**WORK INSTRUCTIONS**. Set down exactly the lines below between the line holding "ASMR Japanese Onomatopoeia" and the line holding "Radiant Sky Ballroom Gown TID-BM0720", inclusive; no other line belongs in the answer.

**AVAILABLE DATA**.

+ + + + +

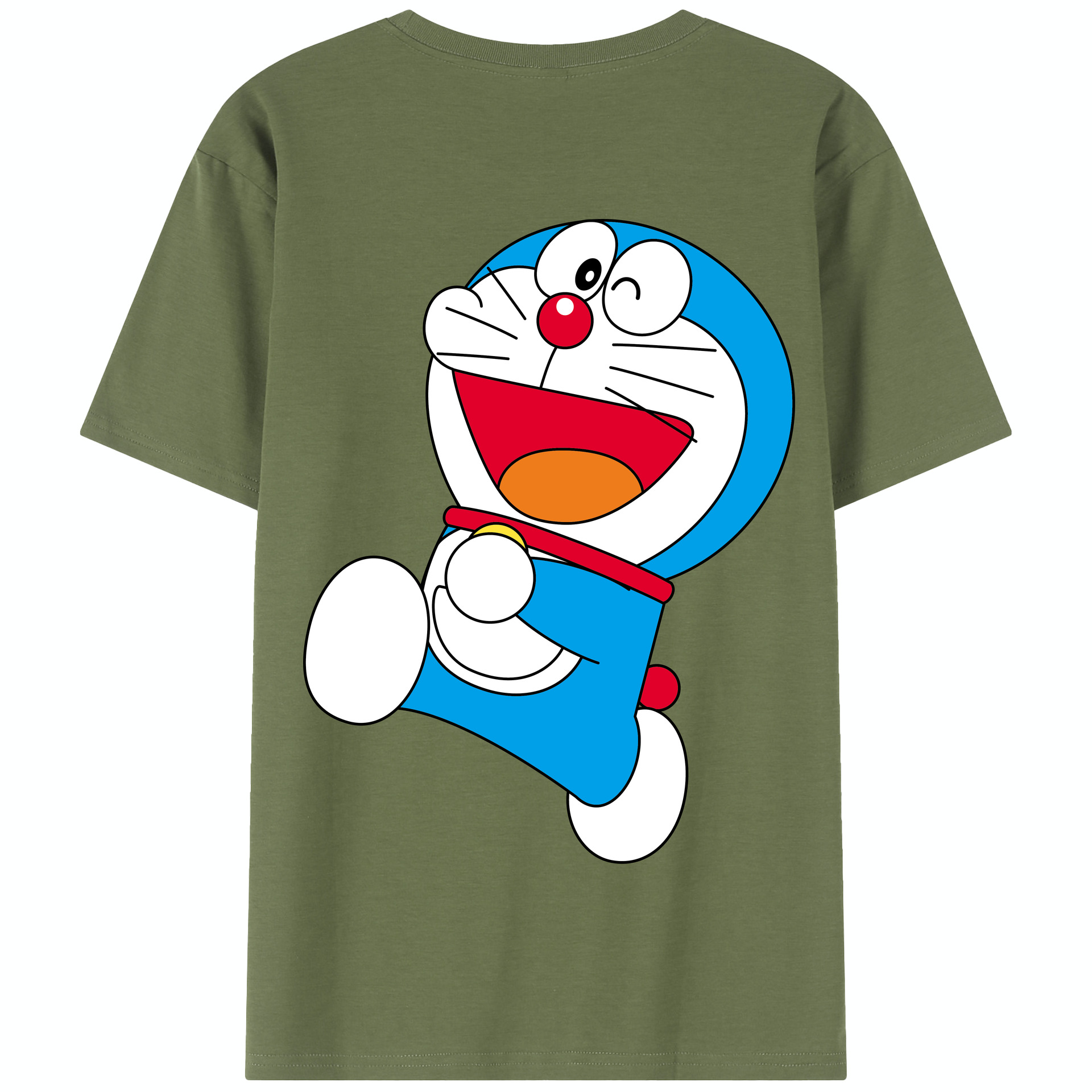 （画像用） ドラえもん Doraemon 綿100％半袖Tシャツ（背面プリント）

+ + + + +

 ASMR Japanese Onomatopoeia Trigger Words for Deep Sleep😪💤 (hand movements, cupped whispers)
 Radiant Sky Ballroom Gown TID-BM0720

+ + + + +

**SOLUTION FOR THIS TASK**.
 ASMR Japanese Onomatopoeia Trigger Words for Deep Sleep😪💤 (hand movements, cupped whispers)
 Radiant Sky Ballroom Gown TID-BM0720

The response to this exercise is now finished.